• **WHAT IS EXPECTED**: Using the records below, quote only the span that opens with the line containing "Ramo de flores" and closes with the line containing "Organic black cotton", exactly and inclusively.

*** Opening GIVEN DATA ***

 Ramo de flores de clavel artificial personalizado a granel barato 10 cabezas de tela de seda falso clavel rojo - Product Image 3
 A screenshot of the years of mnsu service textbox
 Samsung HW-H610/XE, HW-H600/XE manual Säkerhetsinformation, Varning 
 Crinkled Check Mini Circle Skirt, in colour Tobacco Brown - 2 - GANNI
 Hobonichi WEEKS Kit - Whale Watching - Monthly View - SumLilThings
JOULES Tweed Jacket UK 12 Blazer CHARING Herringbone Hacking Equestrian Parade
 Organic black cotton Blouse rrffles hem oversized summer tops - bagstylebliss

*** Closing GIVEN DATA ***
*** Opening GIVEN DATA ***

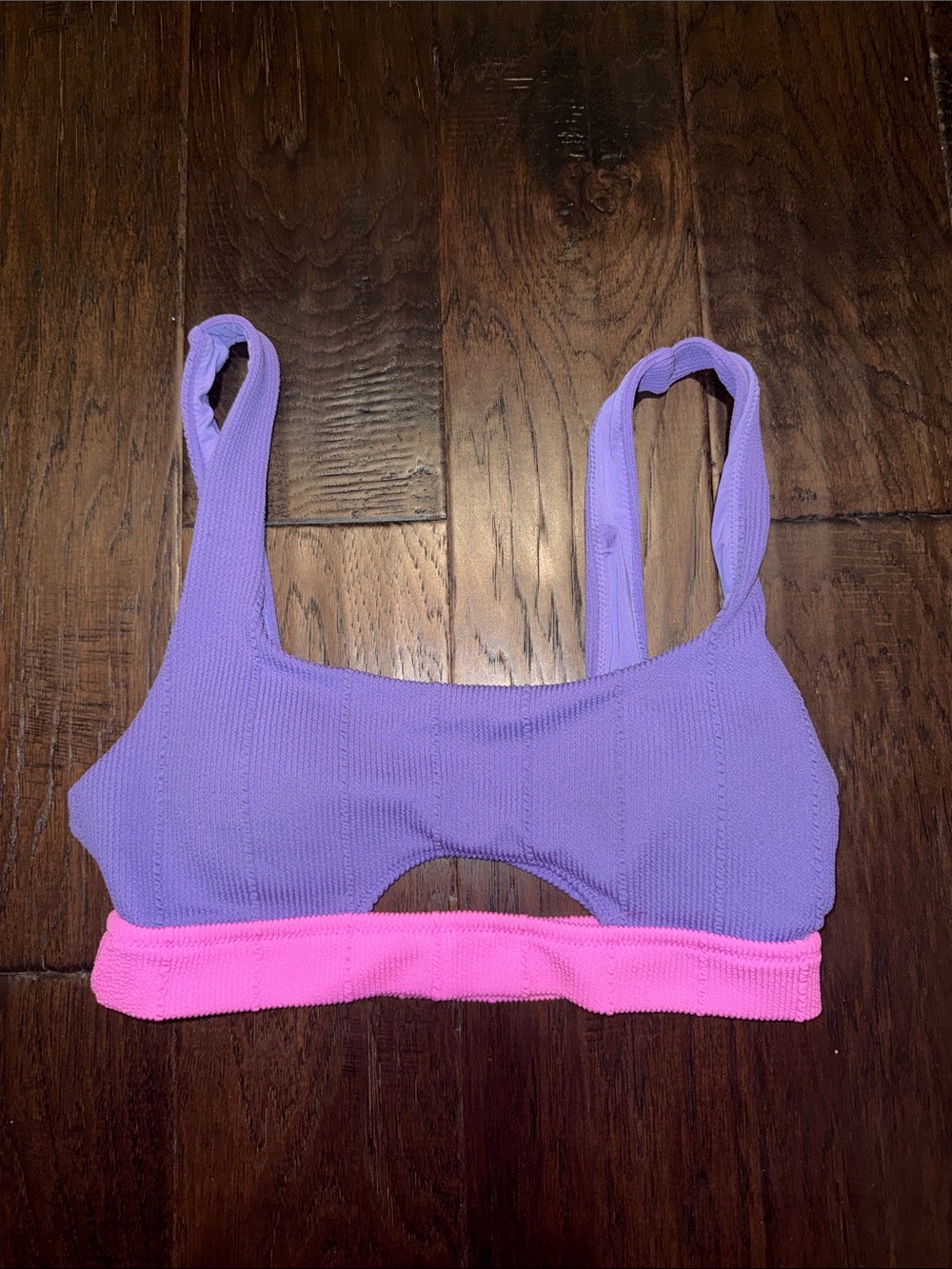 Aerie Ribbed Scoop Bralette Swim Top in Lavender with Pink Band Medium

*** Closing GIVEN DATA ***

• **EXERCISE ANSWER**:
 Ramo de flores de clavel artificial personalizado a granel barato 10 cabezas de tela de seda falso clavel rojo - Product Image 3
 A screenshot of the years of mnsu service textbox
 Samsung HW-H610/XE, HW-H600/XE manual Säkerhetsinformation, Varning 
 Crinkled Check Mini Circle Skirt, in colour Tobacco Brown - 2 - GANNI
 Hobonichi WEEKS Kit - Whale Watching - Monthly View - SumLilThings
JOULES Tweed Jacket UK 12 Blazer CHARING Herringbone Hacking Equestrian Parade
 Organic black cotton Blouse rrffles hem oversized summer tops - bagstylebliss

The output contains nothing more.